Federal legislation, set to be introduced by two Democrats in Congress, would shift responsibility to the industries producing the plastic encircling the globe. The bill, being introduced by Senator Tom Udall of New Mexico and Representative Alan Lowenthal of California, is one of the most aggressive, sweeping attempts to hold the plastics industry, beverage makers and other companies financially responsible for dealing with the waste they create.

The so-called Break Free From Plastic Pollution Act is a long shot, with no Republican co-sponsors and several provisions that seem sure to be nonstarters in an election year. But the legislative effort at the federal level, even if a politically unrealistic one, shows the growing sway of environmental groups that have pushed to stem the flow of plastic waste into the ocean.

The legislation includes measures that the sponsors argue will increase the nation’s meager recycling rates, such as a national “bottle bill” that would incentivize people to return their empty soda and water bottles by providing a 10 cent refund for each bottle. It would also require companies that produce and sell food service and plastic packaging to pay for the waste collection, a burden that now falls primarily on taxpayers. “The plastics pollution crisis has reached a tipping point and the American people are fed up,” Mr. Udall said in a conference call with reporters on Monday.

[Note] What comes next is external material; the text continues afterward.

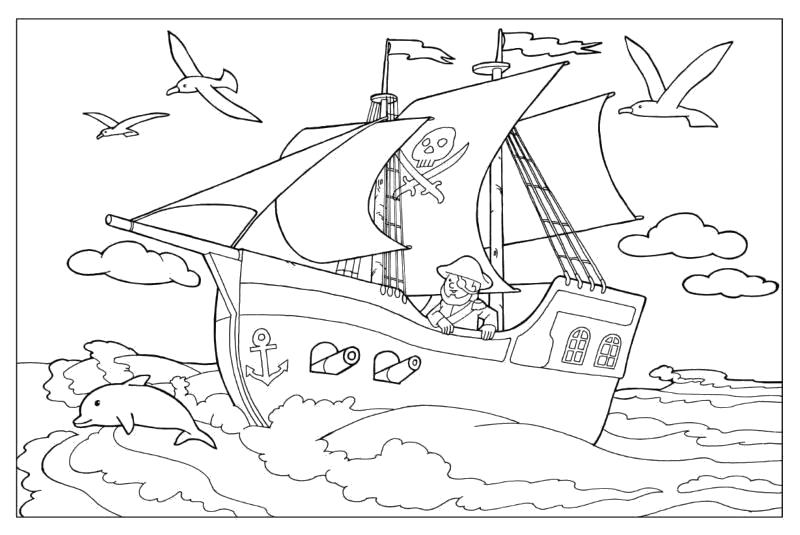 Раскраска  "пиратский корабль" . Скачать корабль.  Распечатать для мальчиков
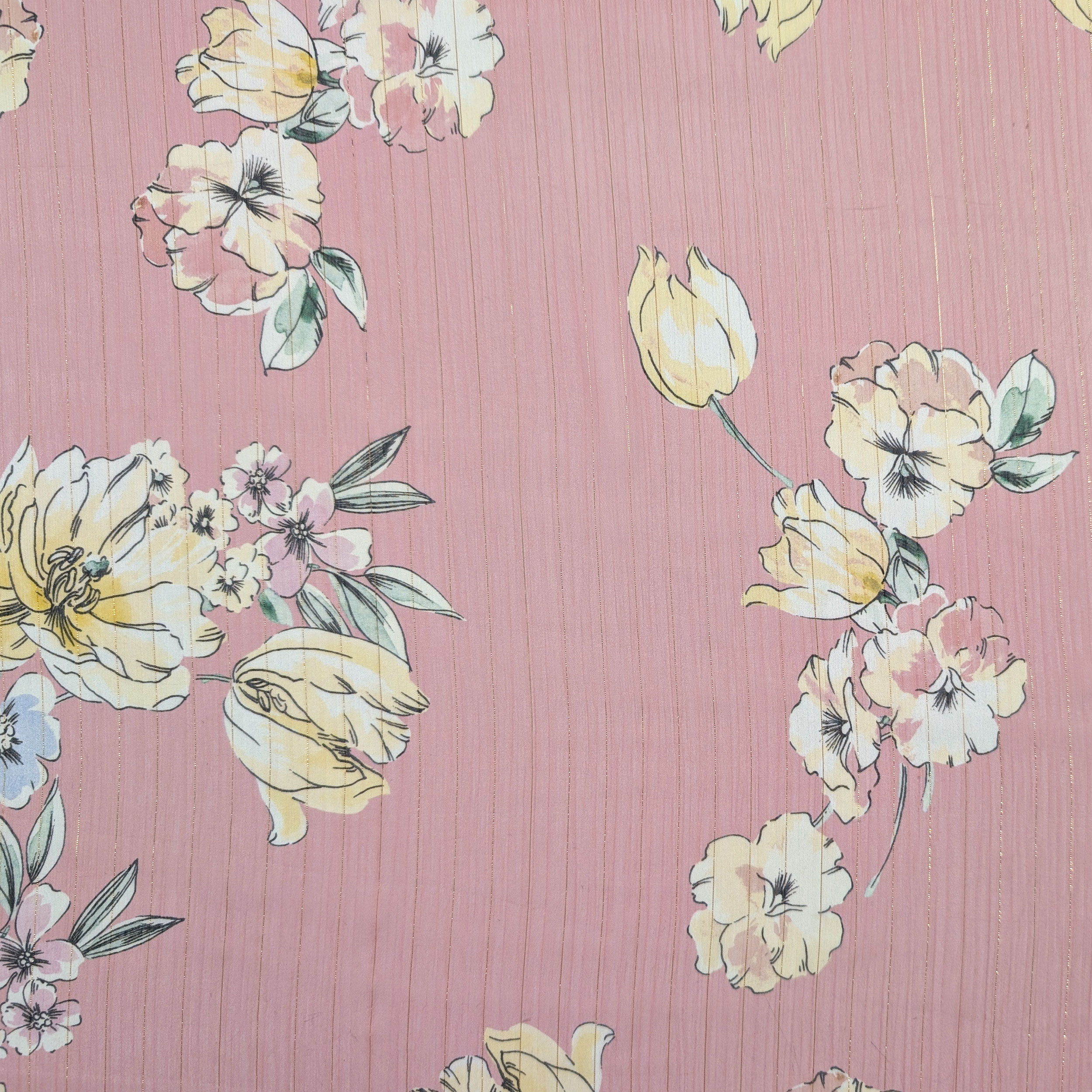 Chiffon Lurex Flowers and Stripes Pink Background Image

The bill calls for a pause on creating new plastic producing plants, which have been a boon for the oil and gas industry and a job generator in states like Texas, Louisiana and Pennsylvania. As the supply of oil and gas swells but global demand shows signs of leveling off, plastic production is one of the fossil fuel industry’s most promising areas of growth. That dynamic is causing concern about increased greenhouse emissions and poor air quality caused by the new petrochemical plants, but it also means the oil and gas industry is poised to fight vigorously to defend its expansion. There are some provisions in the bill that could find broader support, like mandating standardized labels on recycling and composting bins to help people more effectively sort their used containers.